Oooh, I ran across these photos, courtesy of Christopher Clauss, of my time at Manchester’s Slam Free Or Die reading in May 2014 and realized I’d never posted ’em. There aren’t a ton of photos of me reading, but then, I haven’t done a billion readings.

But I’m getting better – and what I mean by that is I’m setting up more readings. There’s nothing like a PEN award to give a gal confidence that perhaps her words are worth hearing. I’ve been terrified of going to a reading and having only one or two people show up, and there I’d be, reading to the empty corners of the room.

It finally happened – at a reading in September, I did indeed have a grand total of one person (not required to be there) show up. I was shocked: it was billed as an open mic, and open mic usually attracts an audience. I still read, and with some flair, because hey, that one person did drive all the way to see me. But I spent the next couple of days in a funk, wondering why the heck I was doing this and feeling grumpy. That was my initiation into the one-person audience. I’m certainly not the only writer that’s happened to: my friend Corwin Ericson tells a hysterical story about his reading with a one-person audience when he was on a book tour for Swell. As his one soon-to-be audience member walked toward the empty chairs, his only thought: “Please don’t sit down. Please don’t sit down.” 

So I lived through it. Yay? 

And if I have to, I can live through it again.

It helps that I’ve also had well-attended and attentive crowds. The Manchester reading was fantastic: an open mic with probably 75 people. Mckendy Fils-Aime is the host with the most. Brandon Amico treated me lavishly (WAFFLES!!). Lots of great poetry & prose at the open mic (Brandon, Mckendy, Christopher, Peter Kispert, William James, Sarah Newton, Dillon Welch, so many more!) I had a ball. I also read 10 minutes too long (yay math, but math in front of a crowd maybe too much pressure). I’ve had readings with enthusiastic audiences in Amherst, Greenfield, Cambridge, Boston, Northampton, Orange, and more. This weekend I’m on TV, in Hopkinton. Next week I’ll be in Albany. 

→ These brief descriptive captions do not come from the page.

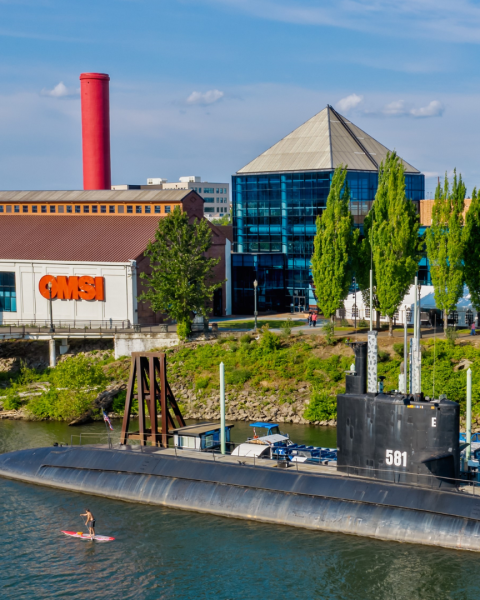 the exterior view of OMSI beside the Willamette River with a submarine docked by a pier.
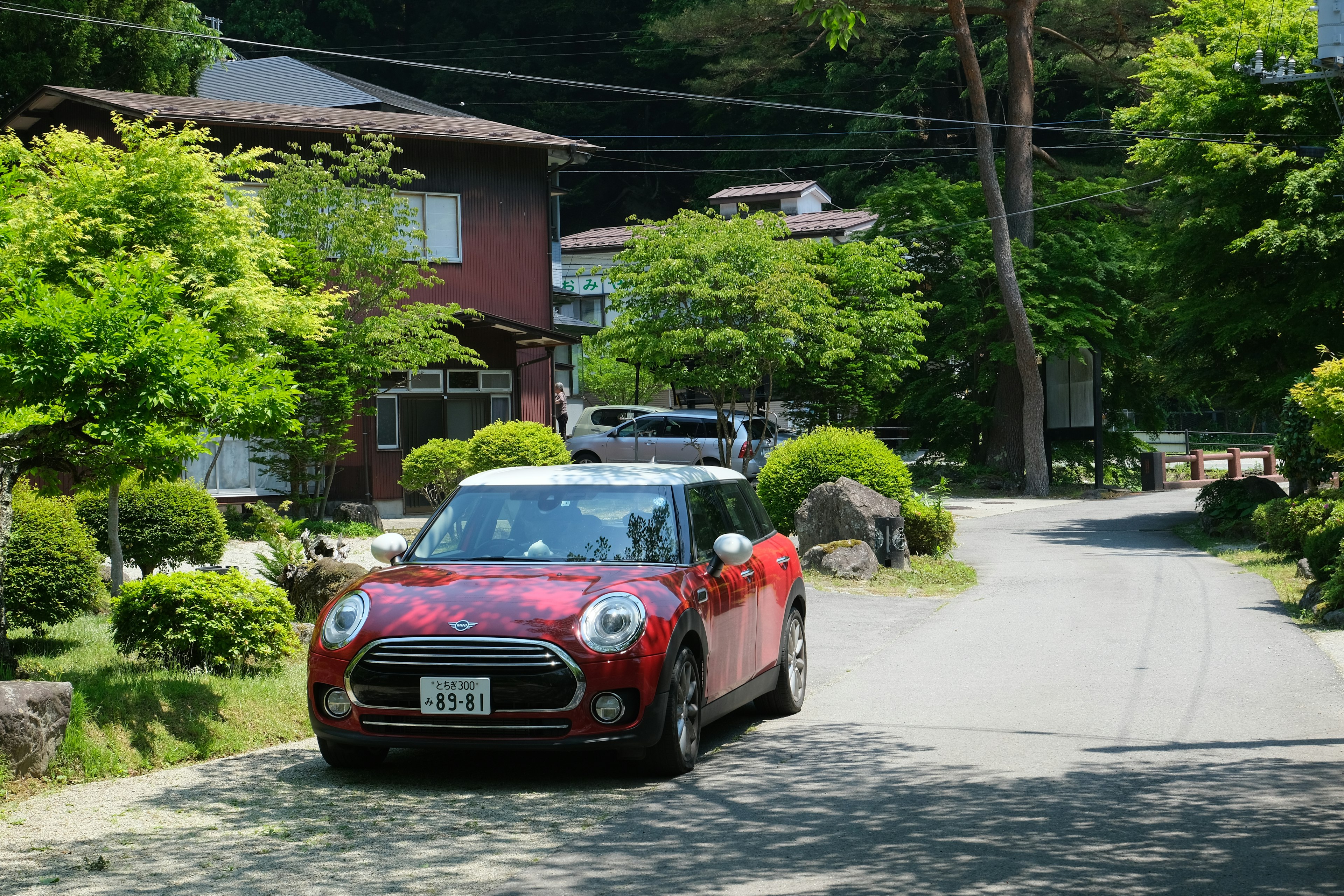 Sebuah Mini Cooper merah melaju di jalan perumahan yang tenang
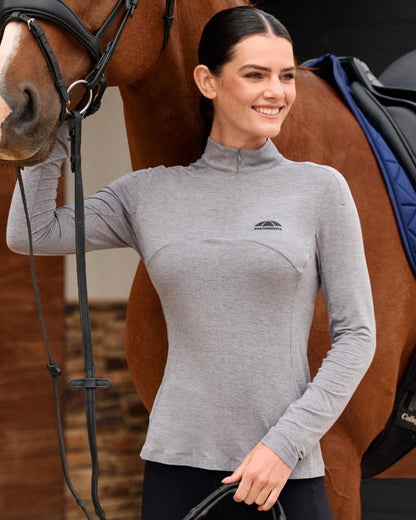Navy coloured WeatherBeeta Womens 37.5 Lightweight Performance Long Sleeve Quarter Zip Top on outdoor background 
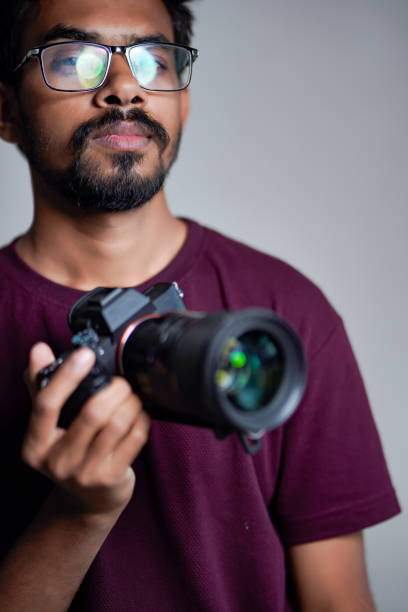 istock Photographer With Camera on white background. 1325350317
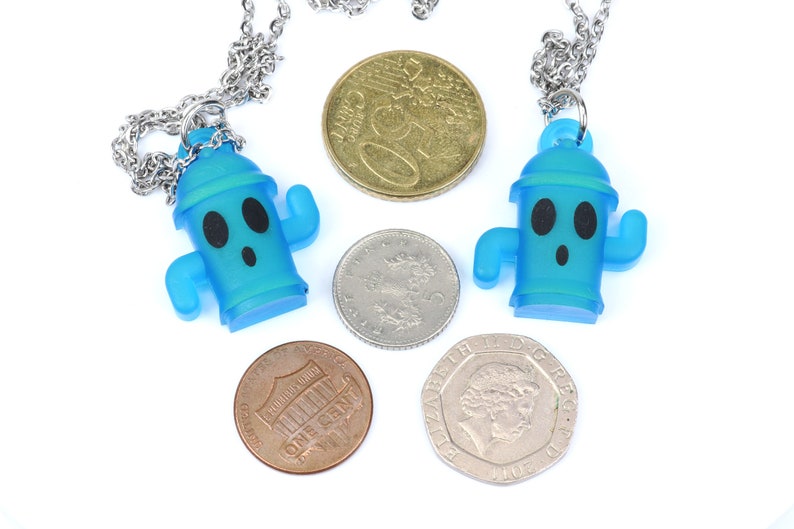 May include: Two blue plastic necklaces with a cartoon fire hydrant pendant. Each necklace has a silver chain and is displayed with coins.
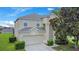 Charming two-story home with a well-maintained lawn and a tree in the front yard at 2669 Manesty Ln, Kissimmee, FL 34747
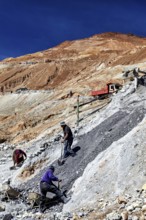 A worker shovels stones down a hill, accompanied by an arid landscape, The silver mines of Potosi
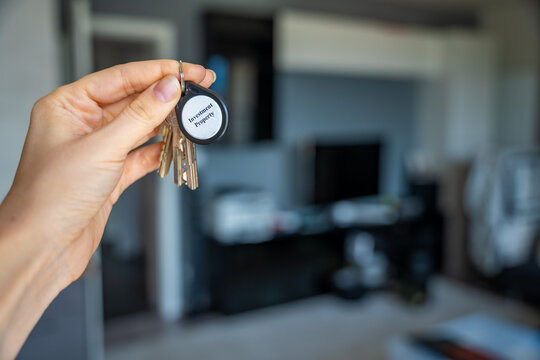 Woman holding house keys with investment property keychain inside modern apartment interior. Real estate investment and property ownership concept for passive income and wealth building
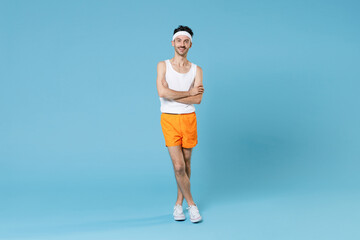 Fototapeta na wymiar Full length portrait smiling young sporty fitness man with skinny body sportsman in white headband shirt shorts holding hands crossed isolated on blue background. Workout gym sport motivation concept.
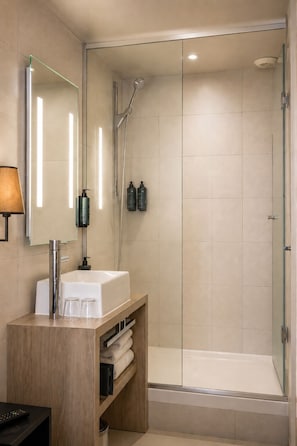 A modern bathroom with a glass-enclosed shower, a white sink, and a mirror. - Hotel Le Montmartre Saint Pierre (Paris)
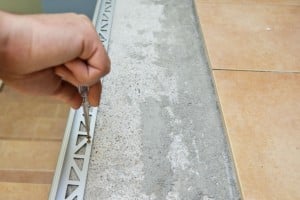 Securing metal tile edging with screws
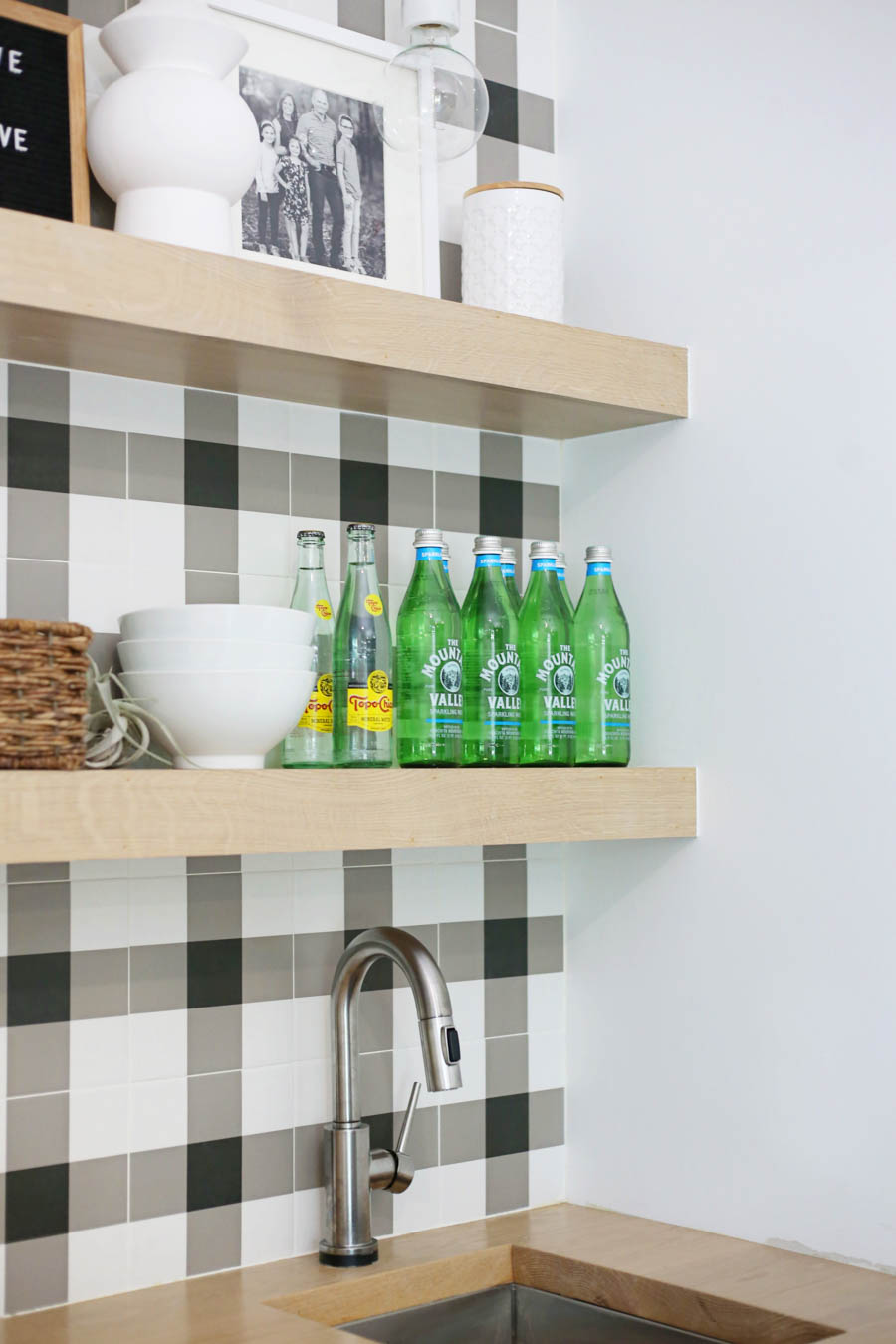 CC and Mike Frisco I Project Reveal black and white buffalo plaid check tile with open wood shelving in a game room bar stainless steel sink with butcher blog countertops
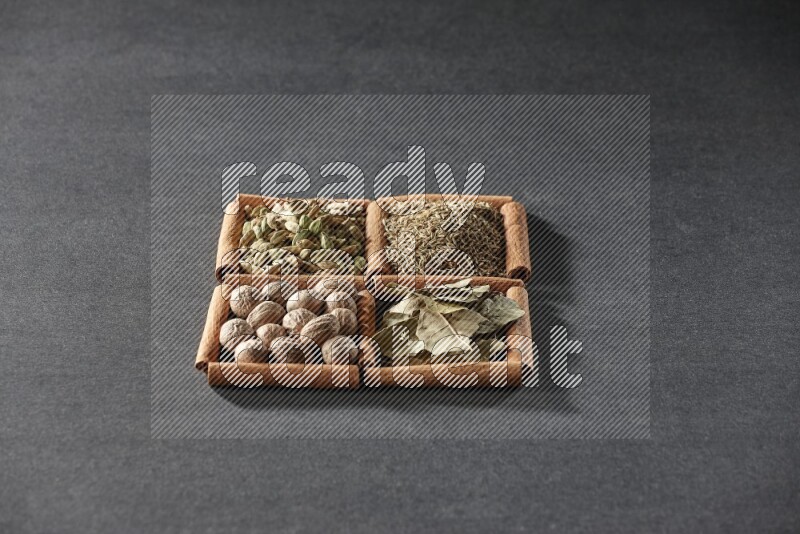 4 squares of cinnamon sticks full of cumin, cardamom, bay laurel leaves and nutmegs on black flooring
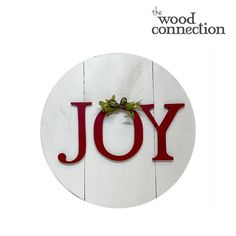 the word joy written in red painted on a white wooden sign with holly and bow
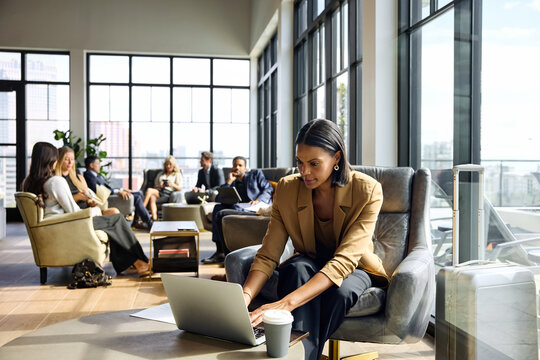 A woman works on a laptop in a modern office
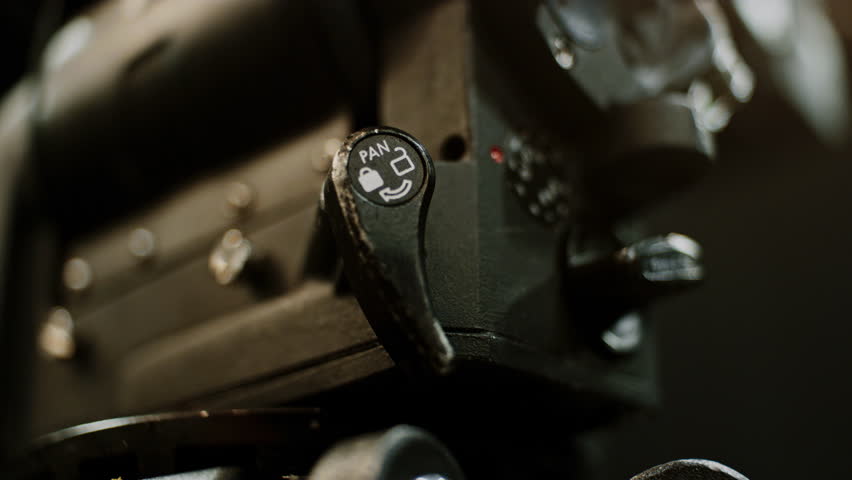 The pan lock of a professional high-end cinema tripod fluid head being adjusted, first locking then opening.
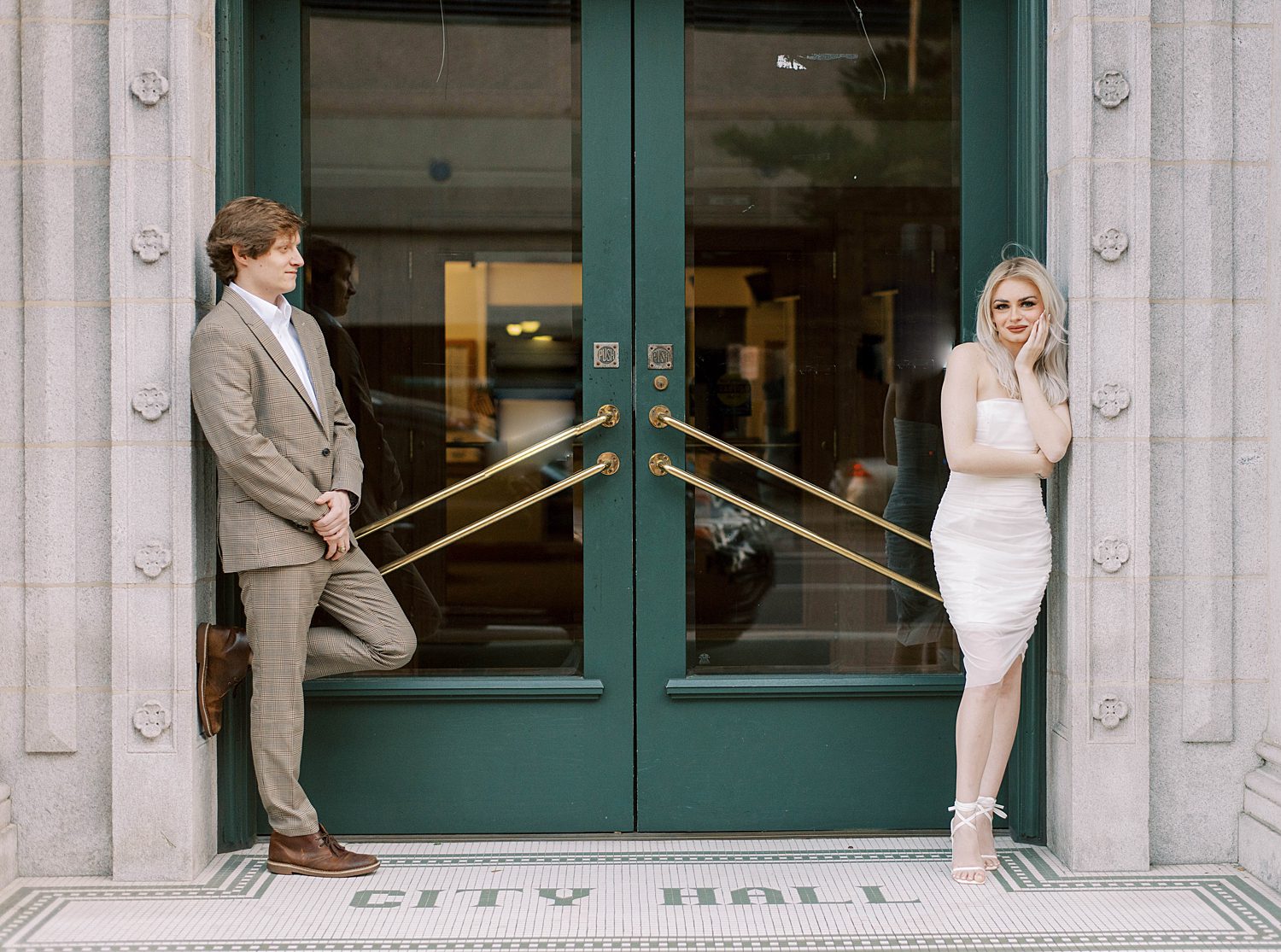engaged couple poses by green doors in Tampa FL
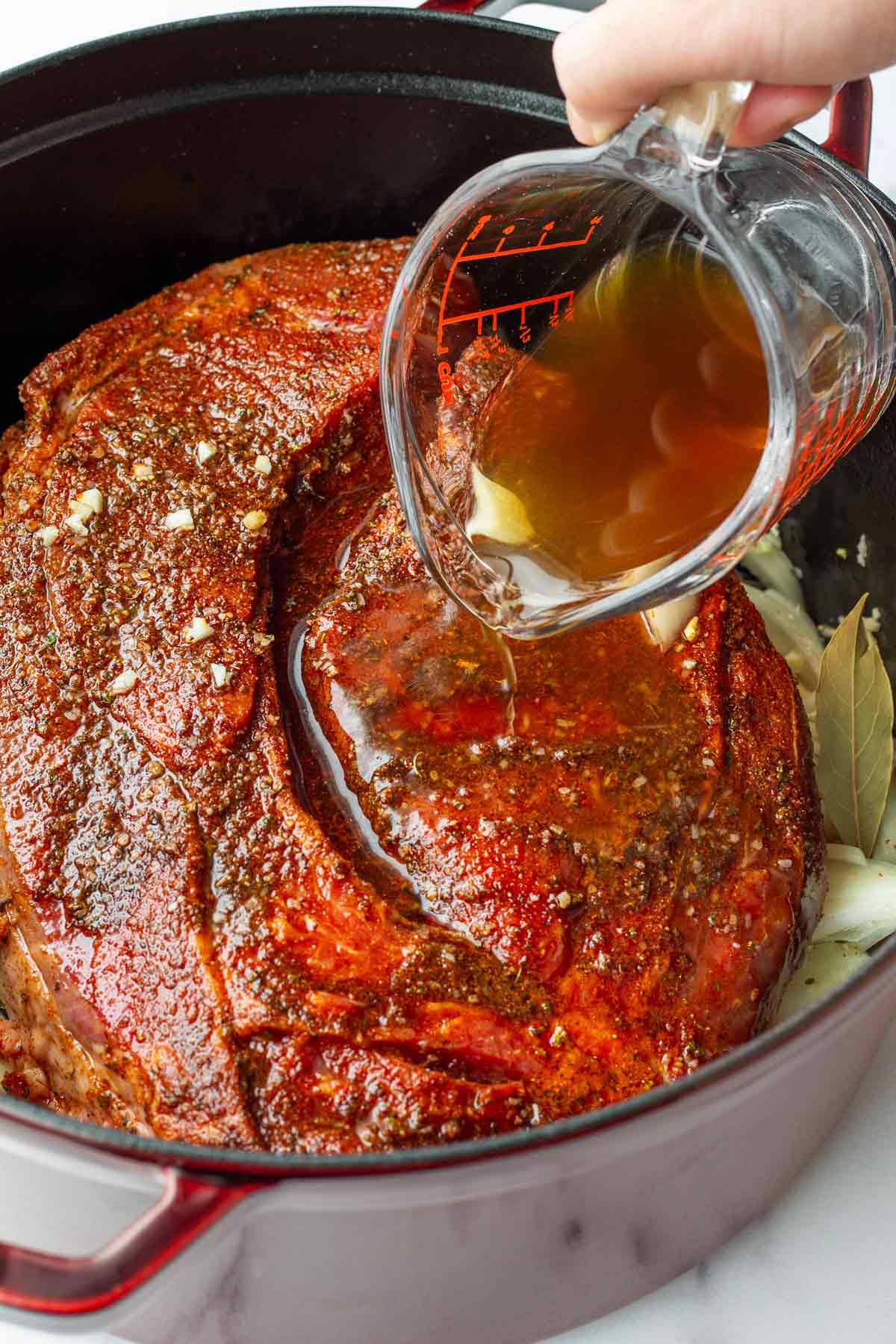 adding beef broth into the dutch oven with seasoned chuck roast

My goal this year was to have 10 readings. It looks like I’ll have more than 20, with another half-dozen scheduled or being scheduled. I’m actively working on my stage presence and delivery and feeling really good about that. I’ve been to some incredible readings this year by other poets, and I study what makes their readings work: Philip Levine, Cornelius Eady (WOW), Li-Young Lee, Sharon Olds, all the incredible Split This Rock poets. I have friends and compatriots who are wonderful readers: Corwin of course, Kristin Bock, Ellen LaFleche, Sally Bellerose, Lori Desrosiers… Dillon, you are killing it on stage… Em Jollie, Brandon, Floyd Cheung, Paul Richmond – I hope I can claim you as a friend at this point… mia amica Nicole DiCello, Adam Stone (!!!), Daniel Hales, ahhhh so much goodness!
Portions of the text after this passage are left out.